The Telluride Film Festival, a Labor Day weekend event since its inception in 1974, always provides the opportunity for scouts on the front line of the film scene to leave the summer behind and get a first look at the cinematic harvest season. In this regard, this year's festival offered a satisfying amount of good news.
Alexander Payne's The Descendants was the first film shown, at a special preview on Friday afternoon, and by festival's end Monday it had consolidated its profile as a picture likely to win wide critical and popular support -- especially for George Clooney, its lead.
Clooney was the undeniable star of Telluride. Not that he isn't the star pretty much wherever he goes. But on the streets of Telluride, site of Butch Cassidy's first bank robbery, where everyone strolls, chats easily with anyone in the vicinity and basically refrains from acting like a fool in the presence of celebrity, Clooney amazed for his relaxed affability and accessibility. Traveling without an entourage after jetting over Friday from the Venice world premiere of The Ides of March, a film he directed, Clooney never took himself too seriously, was hilarious at two packed tributes to him and drank and schmoozed into the wee hours Saturday night at the venerable Sheridan Bar.

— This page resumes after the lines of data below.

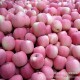 现货包邮13省 山东烟台栖霞红富士苹果 小5斤 天然绿色新鲜水果
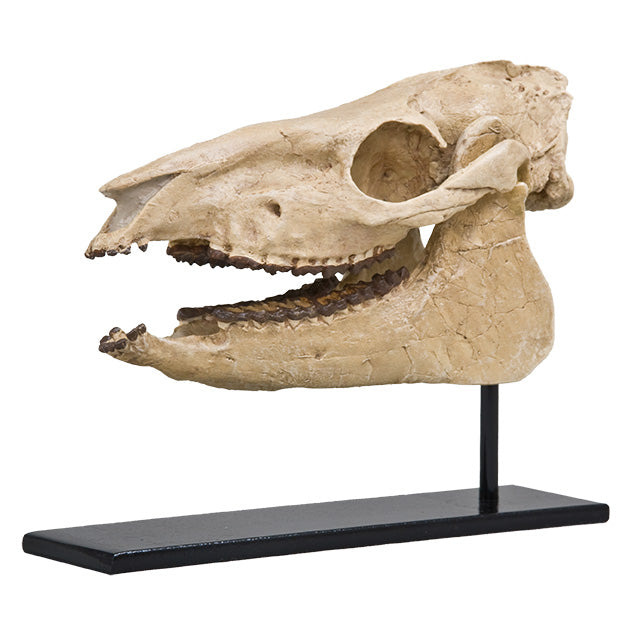 Mesohippus sp. Skull - Display Replica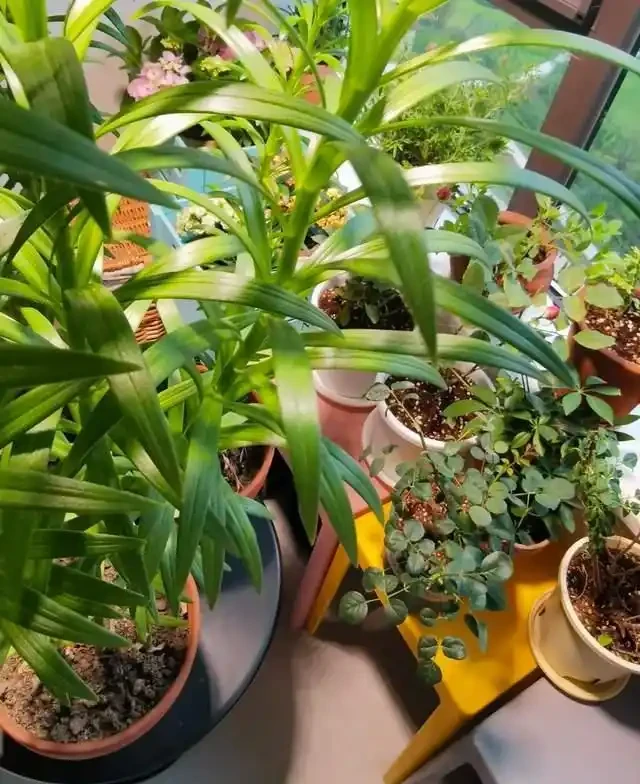 6種「耐陰花」,越曬越蔫,夏天「躲著太陽」養,輕鬆開滿盆!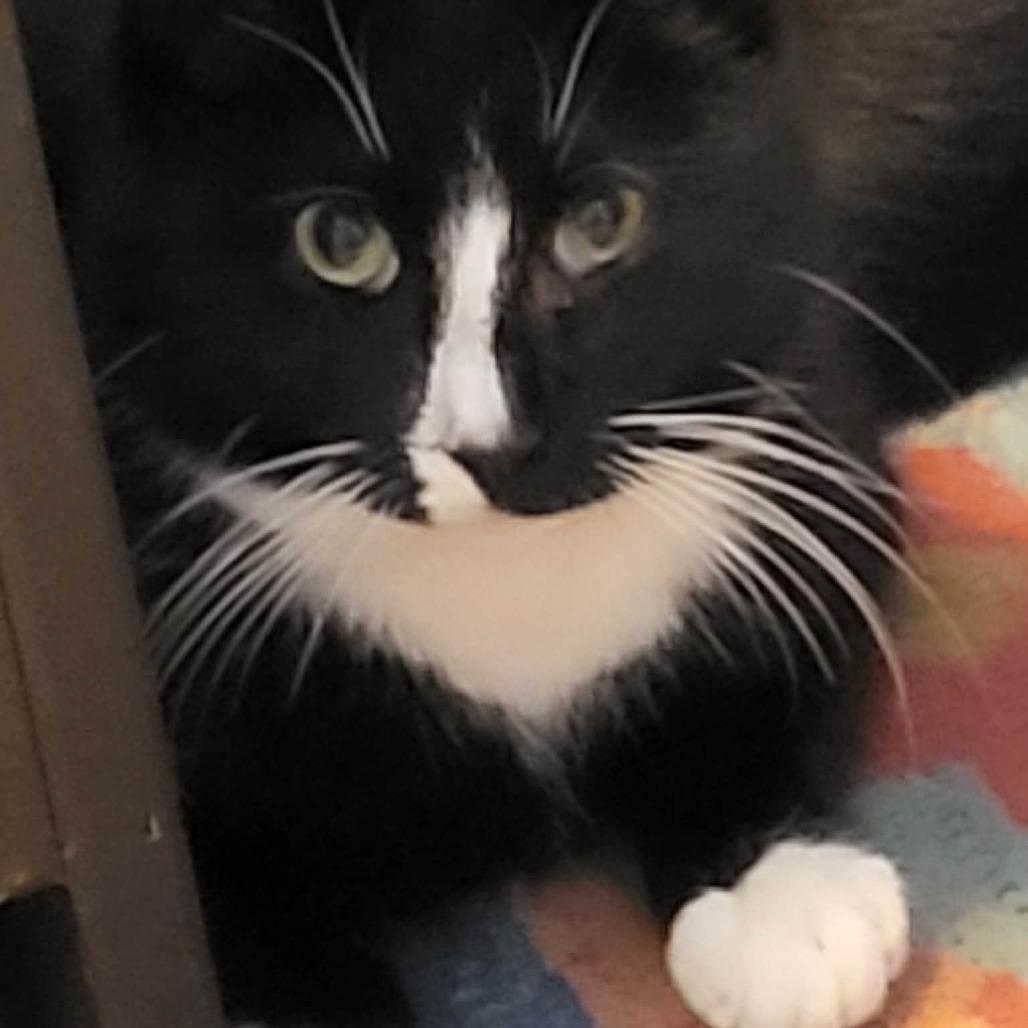 Enlarge 0226-59 FRA Domino, a Adoptable Domestic Short Hair in Abingdon, MD image 3/6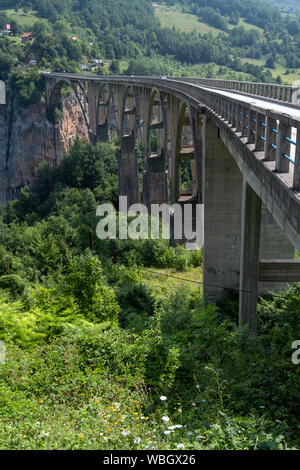 Djurdjevica Tara Brücke (im Jahre 1940 eröffnete, 172 Meter oberhalb des Flusses Tara) Summer View, Montenegro. Personen unkenntlich. Stockfoto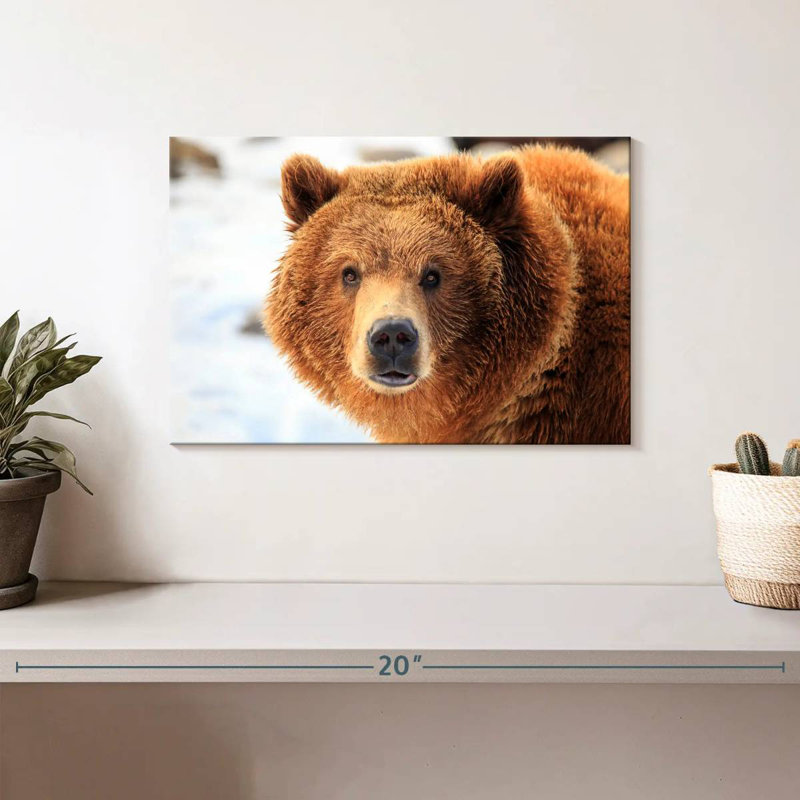 Regard d'ours grizzly, H 8 po x l 12 po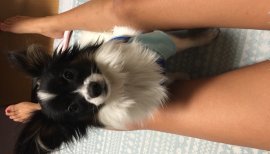 ♪ミサ♪ちゃんの2016/11/14 (月) 22:12のブログ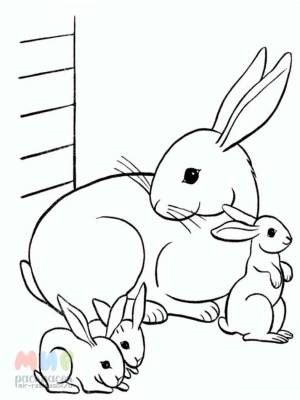 Раскраска Заяц ушами напугается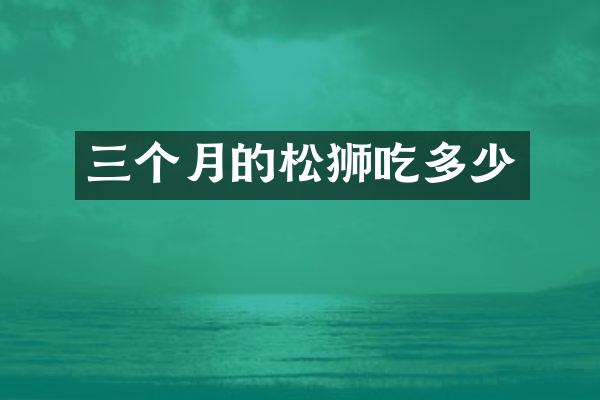 三个月的松狮吃多少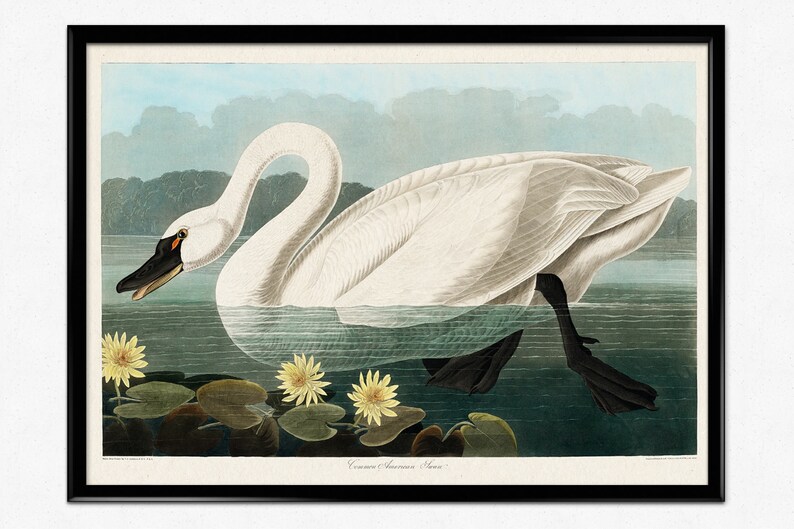 Vintage Swan Painting, American Swan Poster from Birds of America, Vintage Bird Illustration, Animal Print, John James Audubon, Home Decor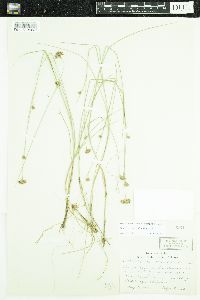 Rhynchospora alba image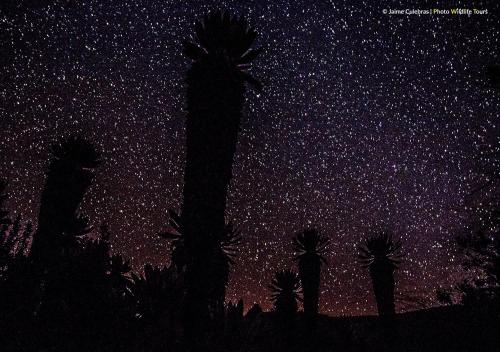 El ÁngelにあるPolylepis Lodgeのギャラリーの写真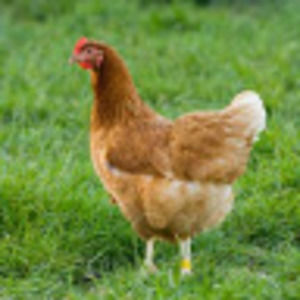 Meet your Posher, Chicken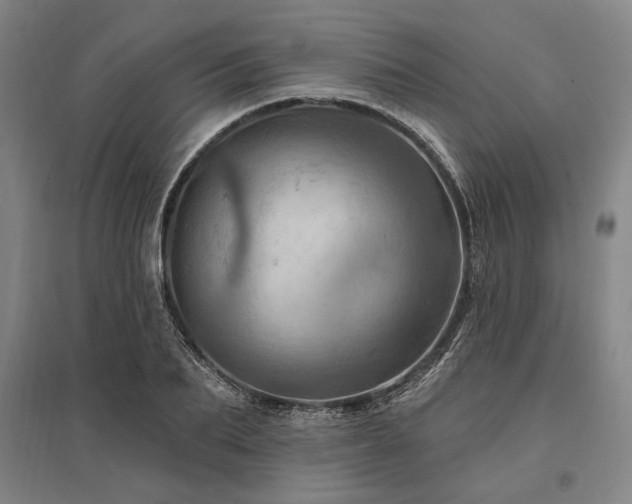 X0000095550887200712141552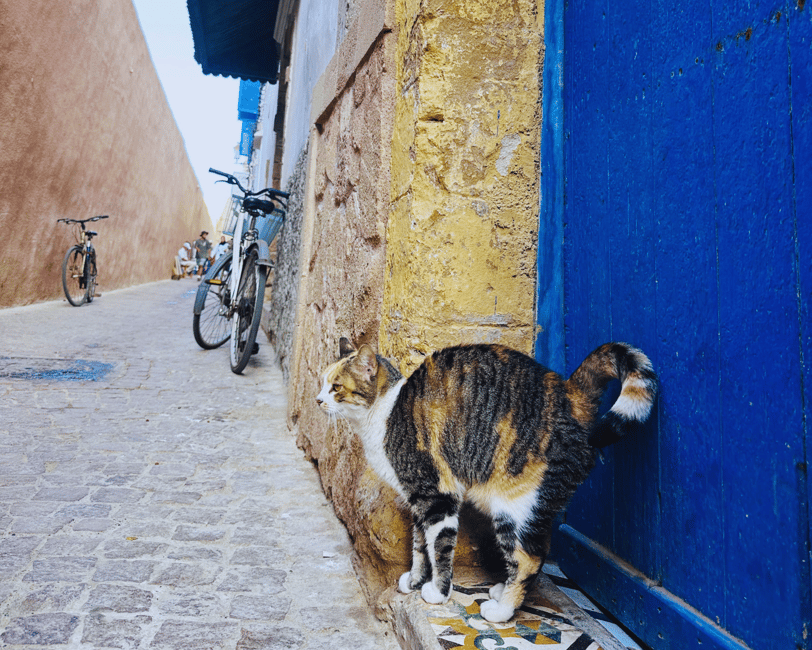 Immagine nº 10 di Da Marrakech: Escursione di una giornata intera a Essaouira attività a Essaouira, caricata dal fornitore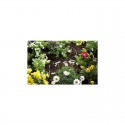 Extension de tuyau à goutteurs intégrés de surface 4,6 mm (3/16") - GARDENA 1362-20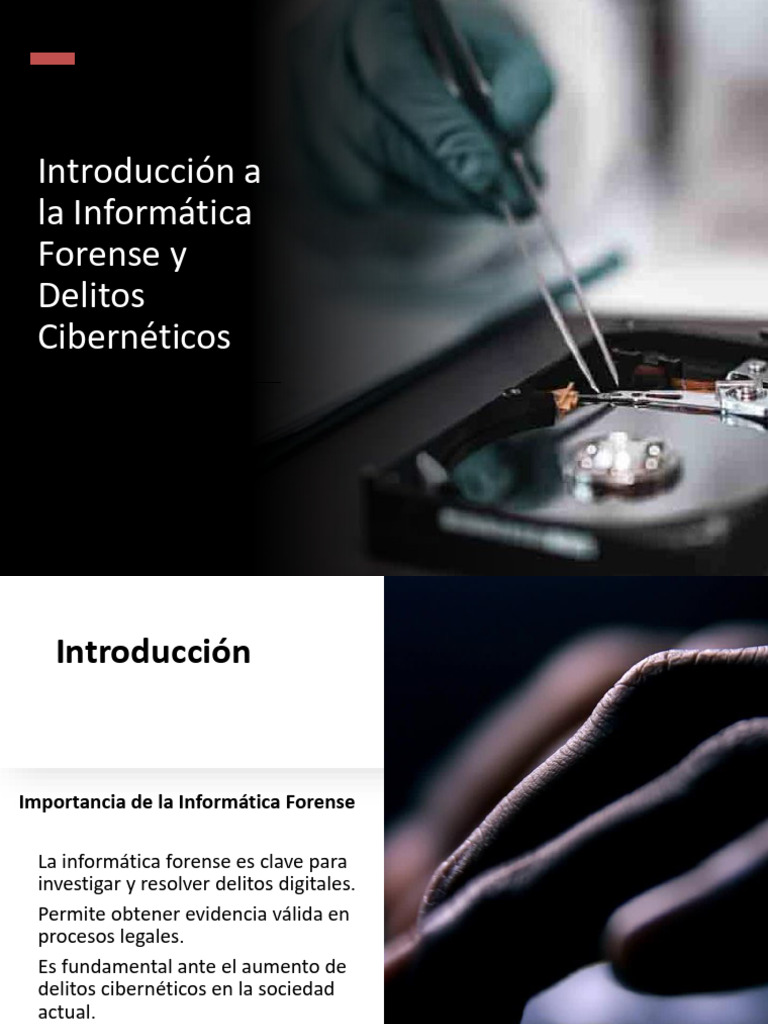 Informática Forense y Delitos Cibernéticos | PDF | Cibercrimen ...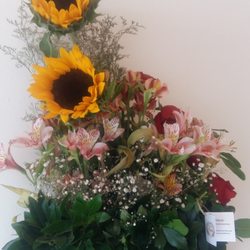 El Jardín de Paula - Hermosos arreglos a precios justos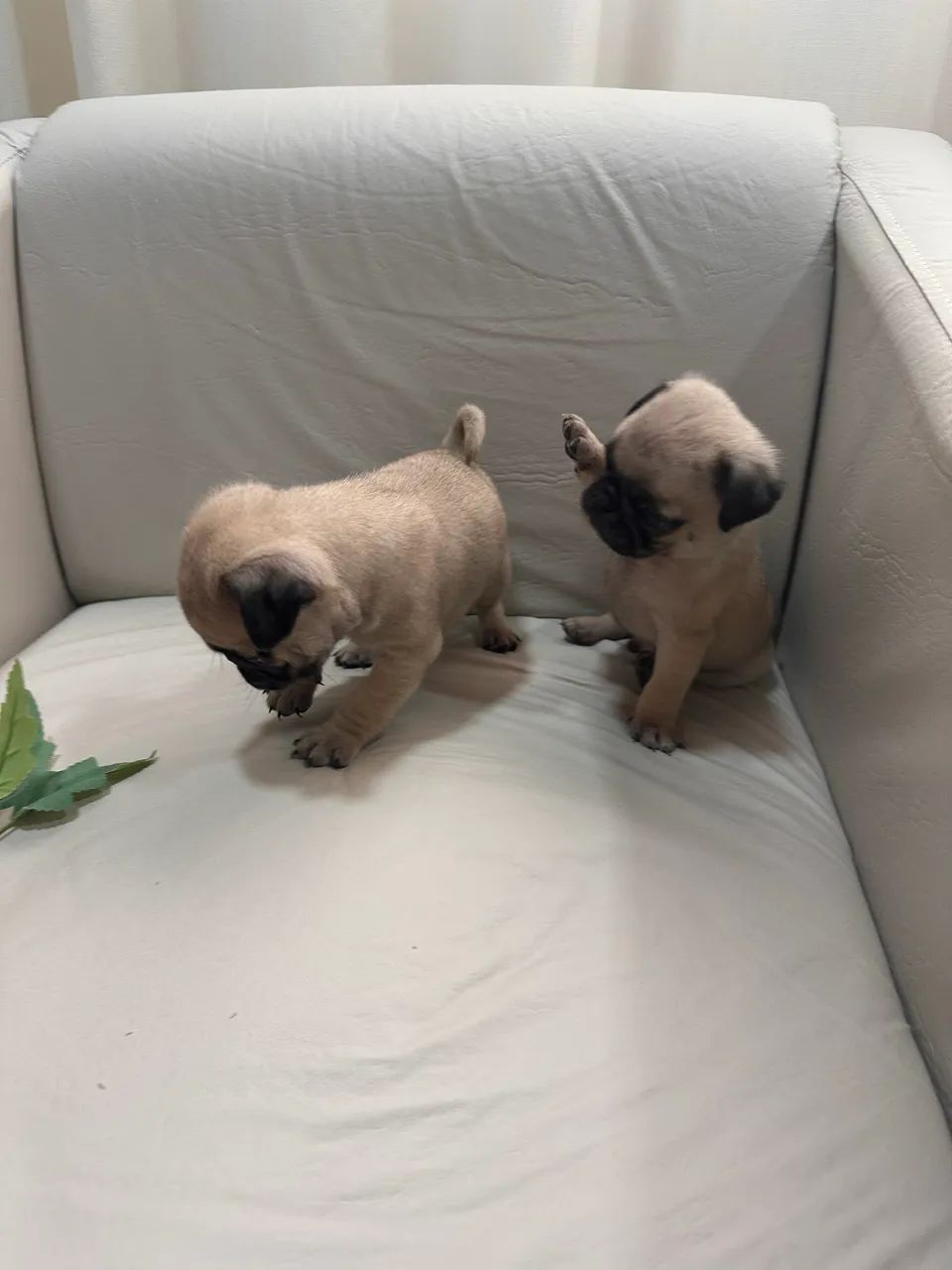 Vendas Pug - Foto 4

There was one moment when, as the actor headed for his car before a tribute, a crowd of some 30 or 40 young ladies suddenly materialized out of nowhere to surround him, a sight unlike anything I have seen at Telluride.
Given the jigsaw-like screening schedule at the multiple venues here, it's never possible to see everything, but Telluride featured its usual mix of premieres, highlights from Berlin and Cannes, tributes (to Clooney, Tilda Swinton and 83-year-old French comic actor-director Pierre Etaix), silent films with live musical accompaniment, assorted revivals and restorations and an ever-growing sidebar of cinema-related documentaries.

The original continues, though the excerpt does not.